# Anyone Used iTarget?



## indie (Sep 7, 2013)

The hubs just showed me this. It's an app for your phone with a little laser bullet so you can practice anywhere:

https://www.itargetpro.com


----------



## Slippy (Nov 14, 2013)

No ma'am @indie, I have not used itarget before.

But one time recently I was in Target buying some toilet paper or some such nonsense and went to the self check out line. Some little fat millenial chick wearing tight tan pants and a red Target shirt was waving around a red fabric Target bag and asked me if I would like to buy one.

I asked her "why in the hell would I buy a red fabric Target bag" and she said "To save the Trees"...my interest in dialogue was immediately piqued...

"To save the Trees?!?" I queried in a loud voice, "To save the Freakin' Trees???" I exclaimed again! "How in the hell is a red fabric Target bag supposed to save trees?" I asked her.

She replied, "so that we can reduce the usage of plastic bags, which will save trees".

I paused for a moment and told her she must be a product of government education and mental illness.

She scurried away...lain:

True story about Slippy's shopping trip to Target.

What a dumbass...


----------



## Camel923 (Aug 13, 2014)

Looks like a cool concept @indie.


----------



## indie (Sep 7, 2013)

I think so too. Too bad it's so spendy to get additional calibers.


----------



## White Shadow (Jun 26, 2017)

I'm holding out for a disintegration ray app for my smartphone to deal with stupid people. Battery tech might have to move along a little yet...


----------



## obby123 (8 mo ago)

I've been looking into Laser training and seen a few videos about this and mantis, anyone know how they compare?


----------



## One Shot (Oct 25, 2021)

This might be a good training aid or to keep you practicing, I have seen one called LaserHit which does the same as ITarget in our LGS, I didn't try it but I know people bought them since they were gone a few weeks later, might try a firearm site.


----------



## inceptor (Nov 19, 2012)

I have iTarget. The problem is keeping up with the training. I tend to do it for a while but then life happens and I get busy. That's when it falls to the side. The way things are going, I may have to dig it out again.


----------



## bsemler (Mar 6, 2018)

indie said:


> The hubs just showed me this. It's an app for your phone with a little laser bullet so you can practice anywhere:
> 
> iTargetPro (Laser Firearm Training System) Shoot Your Gun in the House


I do I use it every other week and if they dont have a certain caliber you can but a different companies laser round and still works. It gets you right on or just few adjustments at a range


----------



## bigwheel (Sep 22, 2014)

Think I need one. I shoot and clean my gun once a year..which keeps my shooting card up to date. I aint a very good good shot the past few years. I need practice that dont waste ammo.
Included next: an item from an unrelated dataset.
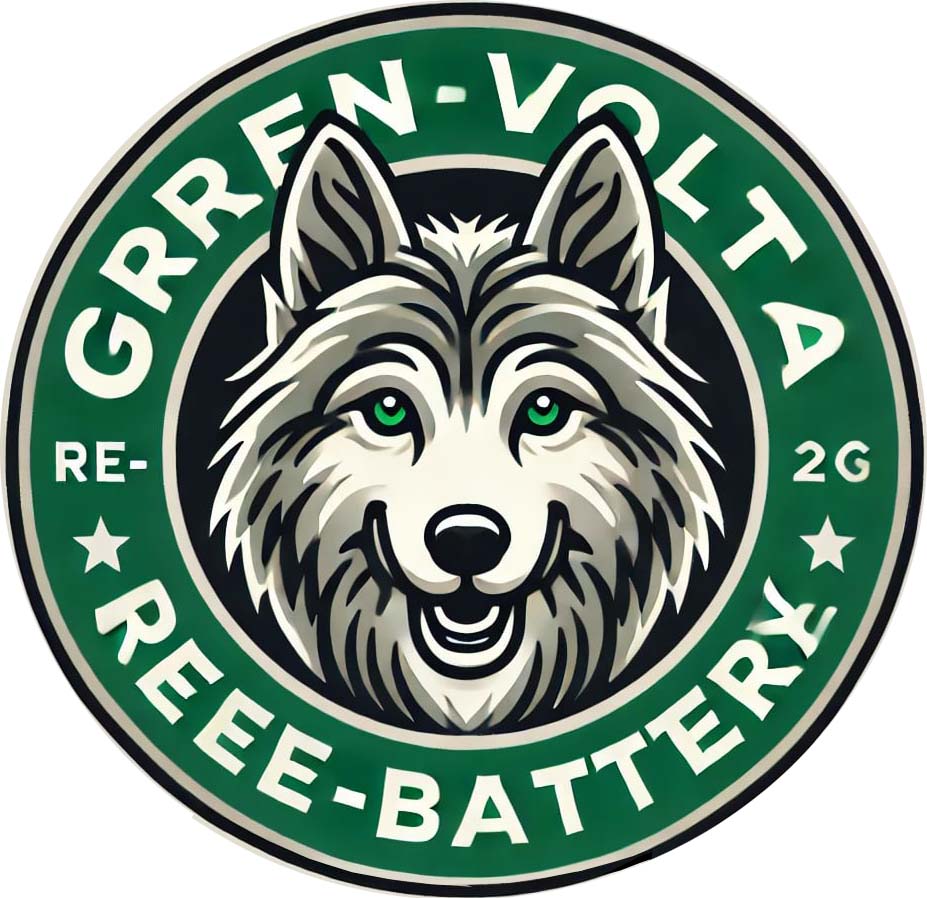 greenvolta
Thanks.


----------



## inceptor (Nov 19, 2012)

bigwheel said:


> Think I need one. I shoot and clean my gun once a year..which keeps my shooting card up to date. I aint a very good good shot the past few years. I need practice that dont waste ammo. Thanks.
> View attachment 114629
> View attachment 114629


Well, except for the one that took his ear off, at least you know you caused quite a bit of pain.


----------



## bigwheel (Sep 22, 2014)

Well the goofy range master guy didnt start demanding head shots till I had exepended my stamina lol. Us old guys get pooped out easy.


----------